Sunday, October 1, 2017

Gary Demar, My Confirmation Bias, and the Learning Curve

Below is a post that I wrote in January 2010. At the time, I was chewing on my own questions about whether I only saw what I wanted to see in some of the religious oriented organizations that we supported. Finding these discrepancies in the mission of Gary DeMar's American Vision published in the early 1990s and what it claimed in 2010 helped me put much of that into perspective. It wasn't just me.

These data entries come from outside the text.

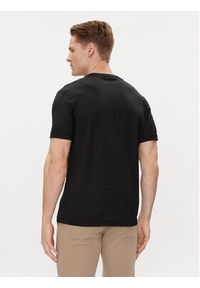 Calvin Klein T-Shirt Smooth K10K112507 Czarny Regular Fit. Kolor: czarny. Materiał: bawełna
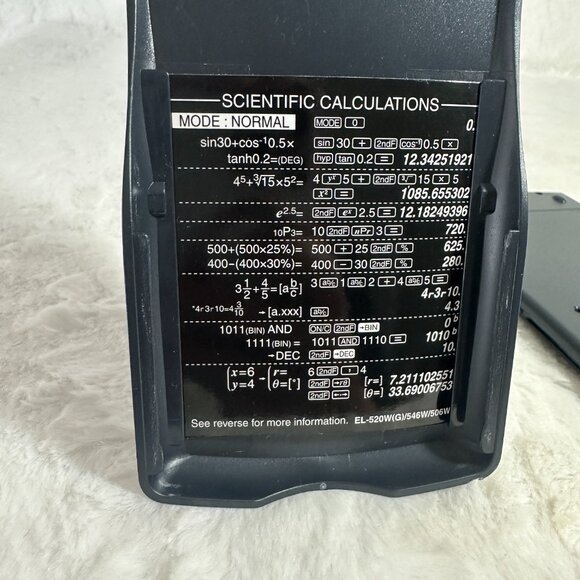 Sharp EL-520W Advanced D.A.L Twin Power Solar Scientific Calculator - Picture 7 of 7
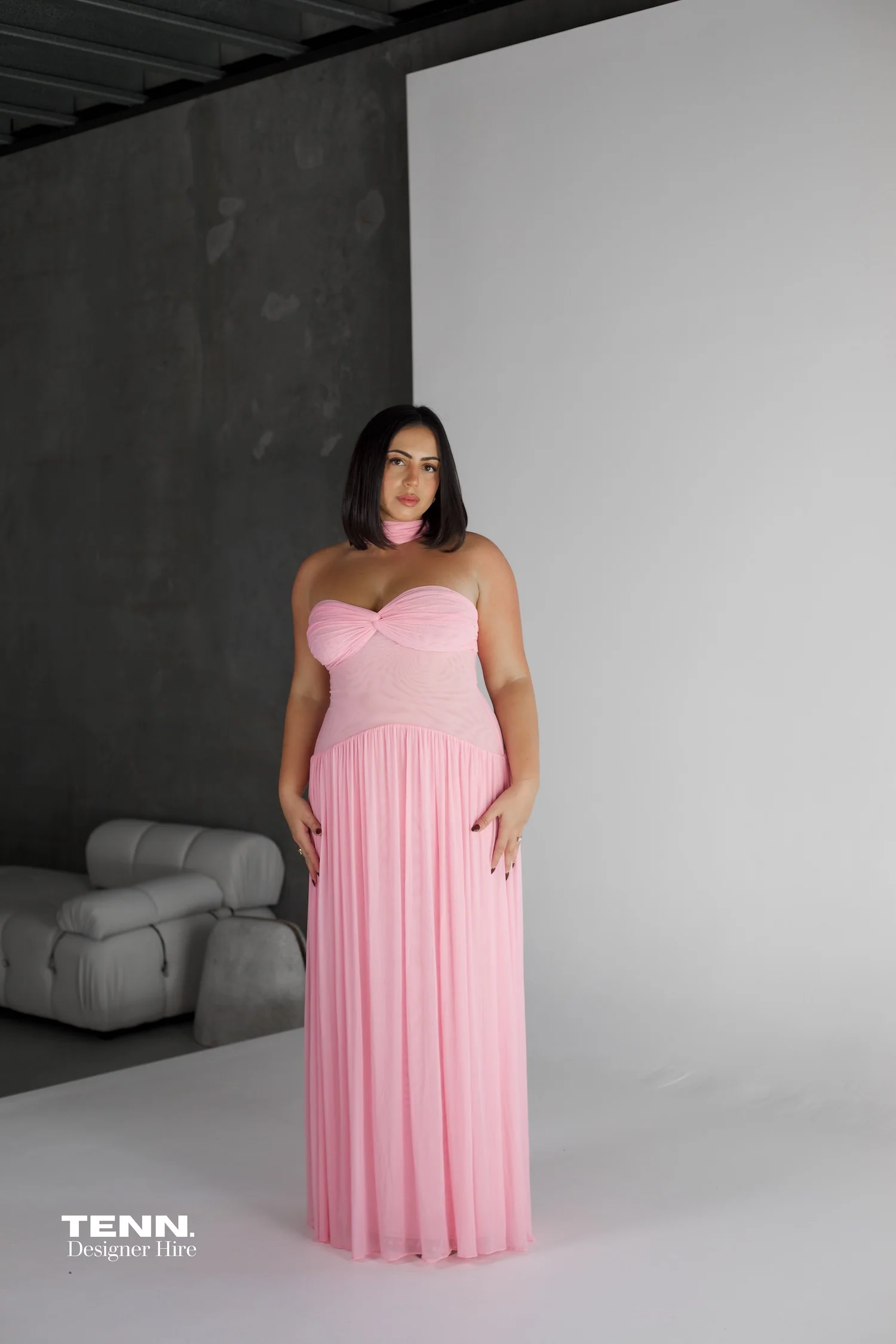 Ophelia Dress - Pink - Image 8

Some say that this subculture fringe went berserk when Y2K didn't result in a shut down of society. (Many who followed Theonomy – the idea that God's laws should be our civil law – believed that if they stored enough gold, guns, and preserved food, they'd get to take over the country when computers failed.) It was about that time that they became more open about their more questionable teachings and behaviors, and some say that it resulted from their angst of frustration. If Y2K was a factor, it's all the more ironic that Demar became caught up in the aftermath. He wrote a very good book about Last Days Madness. For all his effort, he may have fallen into millennial madness anyway.

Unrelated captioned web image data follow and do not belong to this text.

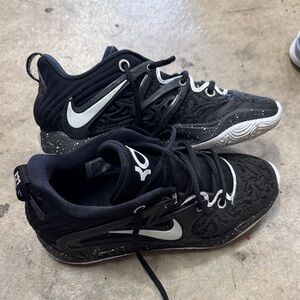 Nike KD15 TB Black White Kevin Durant Basketball Shoes size 6.5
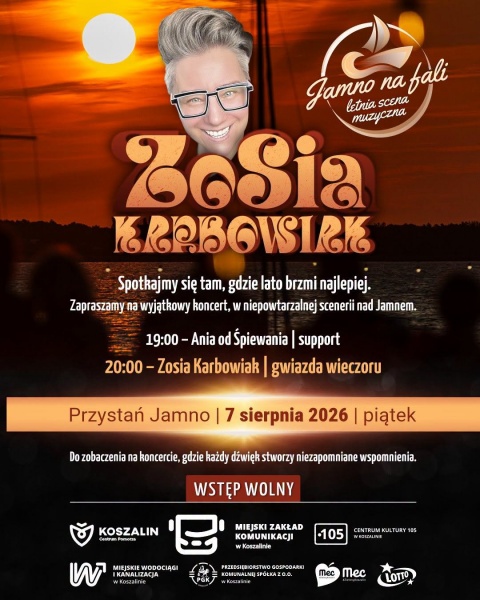 Zosia Karbowiak wystąpi nad Jamnem. Bezpłatny koncert na letniej scenie muzycznej
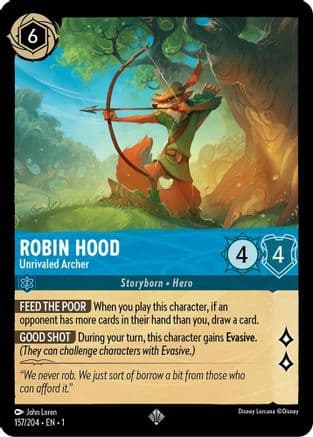 Robin Hood - Unrivaled Archer — The First Chapter Disney Lorcana card by John Loren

As I read this eight years later, the odd beliefs noted below have largely fallen out of vogue. Vision Form, a similar organization run by the son of a Religious Right heavyweight, fell apart due to his infidelity and indulgence. Doug Phillips was well known to bully people, and I suspect that much of his influence came about because he rode on his father's coat tails. His father was Howard Phillips, a heavyweight influence within the Religious Right and founder of the Conservative Caucus and what was once the largest third political party in the US: The Constitution Party.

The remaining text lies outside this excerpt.